**What this task involves:**
Without including any pictures, return the records below exactly as written.

**Provided data:**
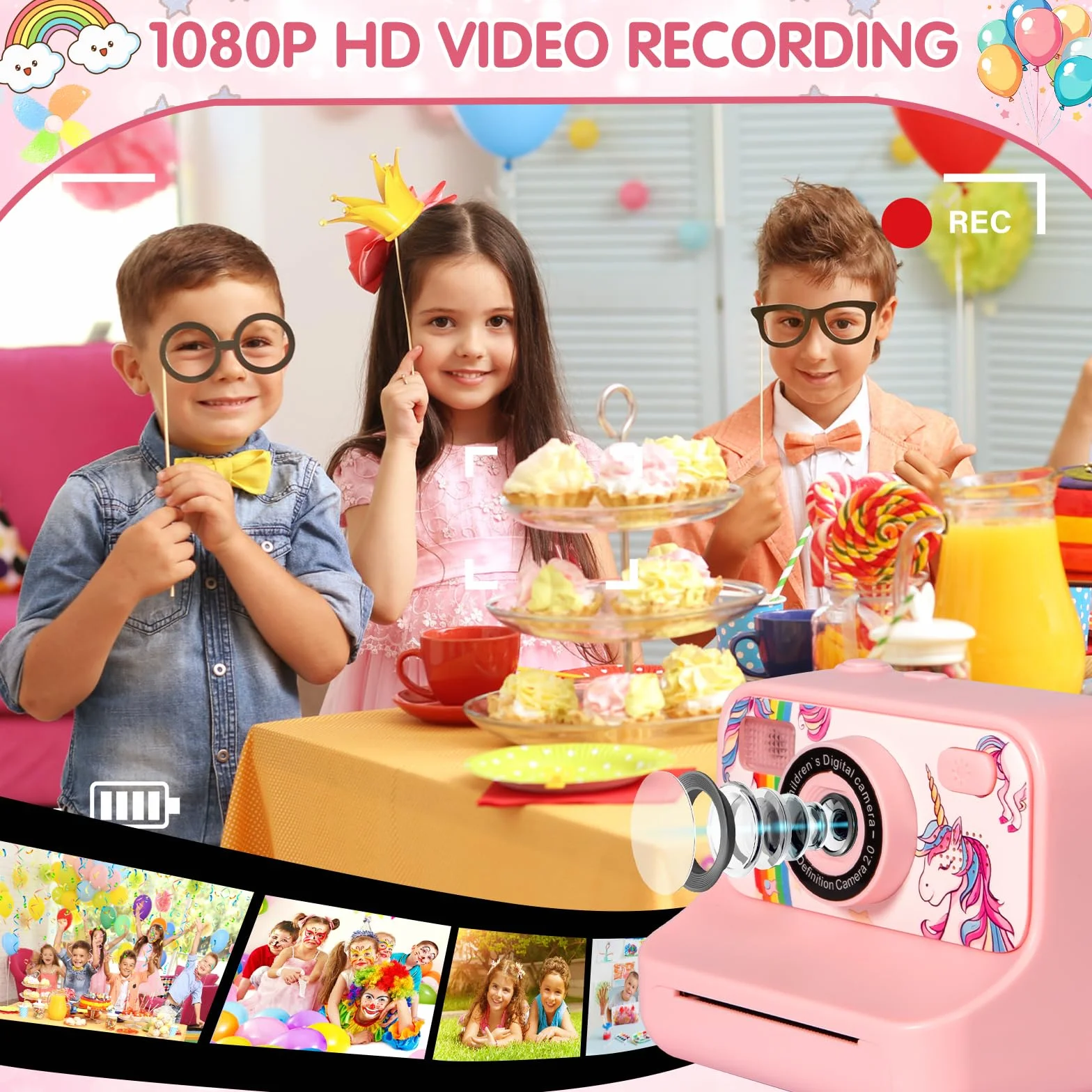 Macchina Fotografica Bambini Istantanea, 2.4" 1080P Fotocamera Bambini con 32 GB Schede e Carta da Stampa, Macchina Fotografica Bambino, 180 °Flip Len,Regali per Ragazzi Ragazze da 3-12 Anni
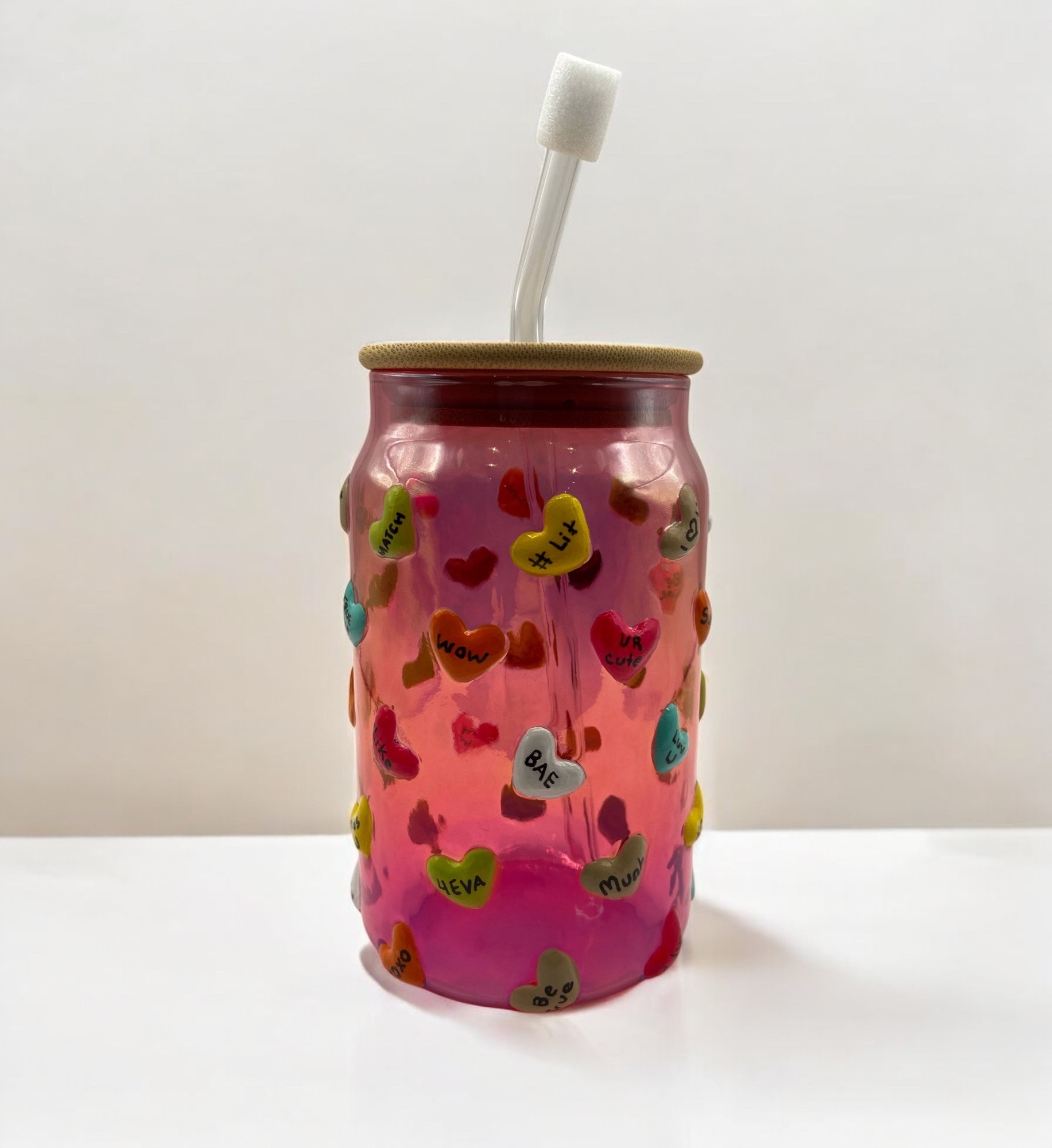 Hand Painted Pink Heart Decorated Glass Tumbler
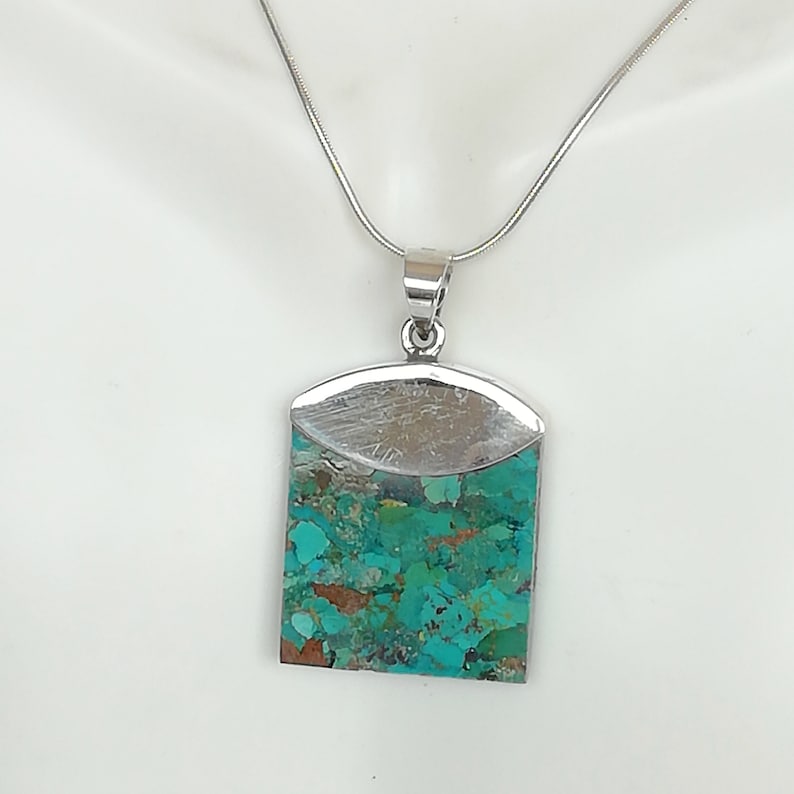 PD313 Turquoise Necklace Hubei Turquoise Chunky Turquoise Tibetan 925 Silver Pendant Necklace Nepalese Necklace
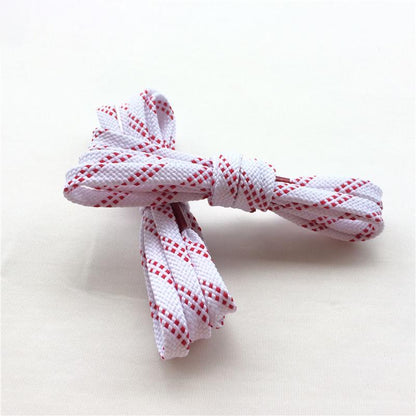 New Running Shoelaces Flat White and Red Striped Polyester Leisure Fabric Shoelace as Birthday Gift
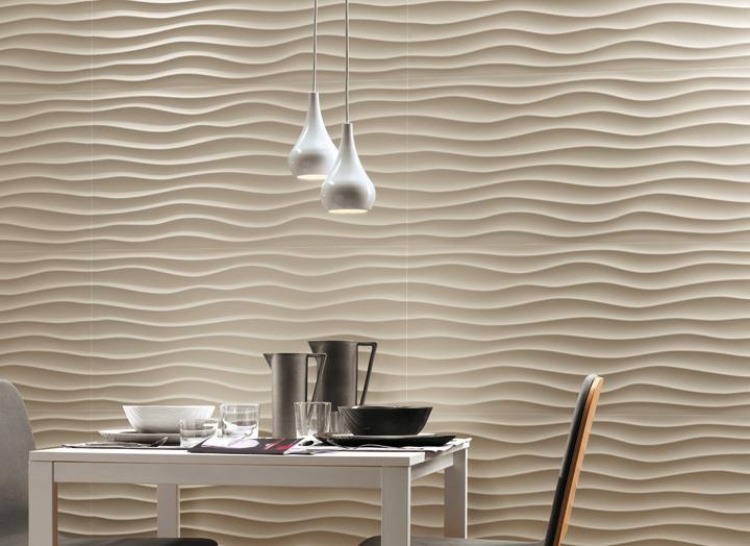 kreativ-vägg-design-3d-keramik-kakel-vit-matbord-stolar-hängande lampa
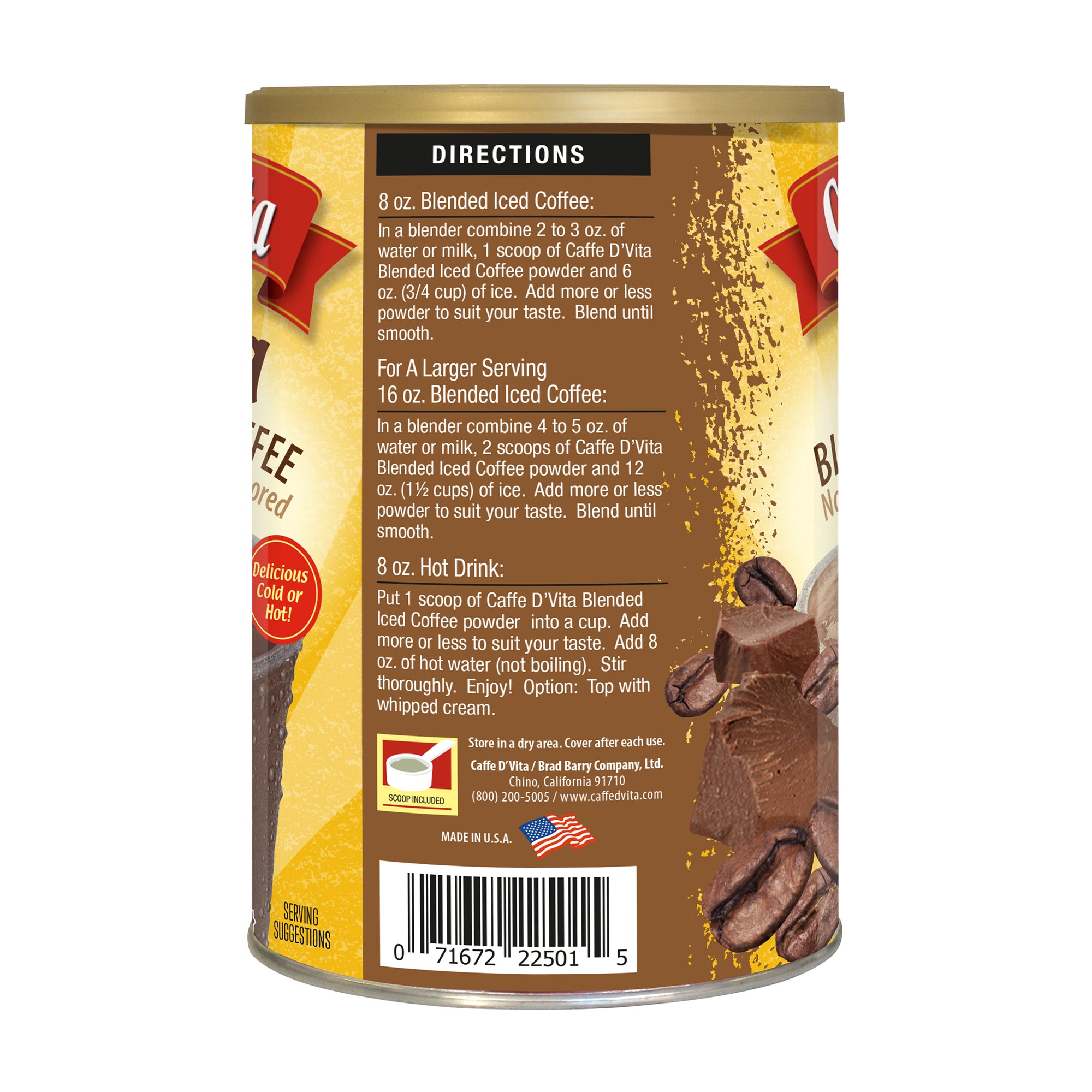 Mocha Latte Blended Iced Coffee Frappe - Single Can or Case of 4 Cans - 3 lb. (48 oz.)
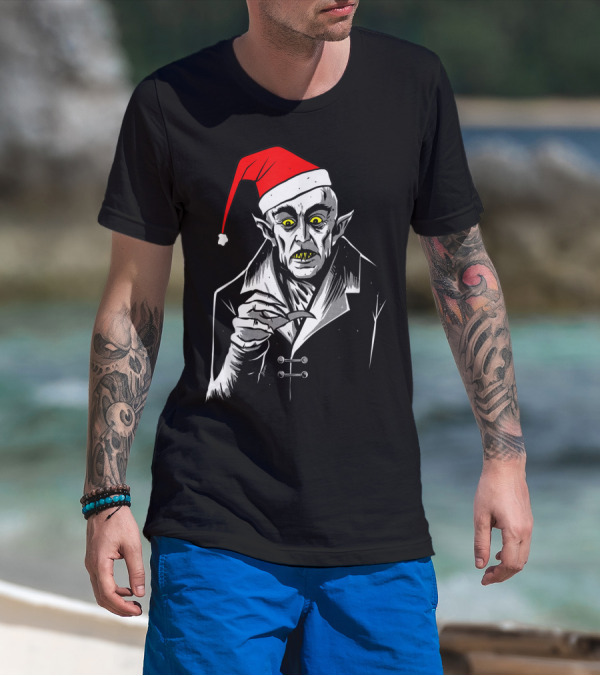 Nosferatu Vampire Santa Christmas Clause T-Shirt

**Task solution:**
 Macchina Fotografica Bambini Istantanea, 2.4" 1080P Fotocamera Bambini con 32 GB Schede e Carta da Stampa, Macchina Fotografica Bambino, 180 °Flip Len,Regali per Ragazzi Ragazze da 3-12 Anni
 Hand Painted Pink Heart Decorated Glass Tumbler
 PD313 Turquoise Necklace Hubei Turquoise Chunky Turquoise Tibetan 925 Silver Pendant Necklace Nepalese Necklace
 New Running Shoelaces Flat White and Red Striped Polyester Leisure Fabric Shoelace as Birthday Gift
 kreativ-vägg-design-3d-keramik-kakel-vit-matbord-stolar-hängande lampa
 Mocha Latte Blended Iced Coffee Frappe - Single Can or Case of 4 Cans - 3 lb. (48 oz.)
 Nosferatu Vampire Santa Christmas Clause T-Shirt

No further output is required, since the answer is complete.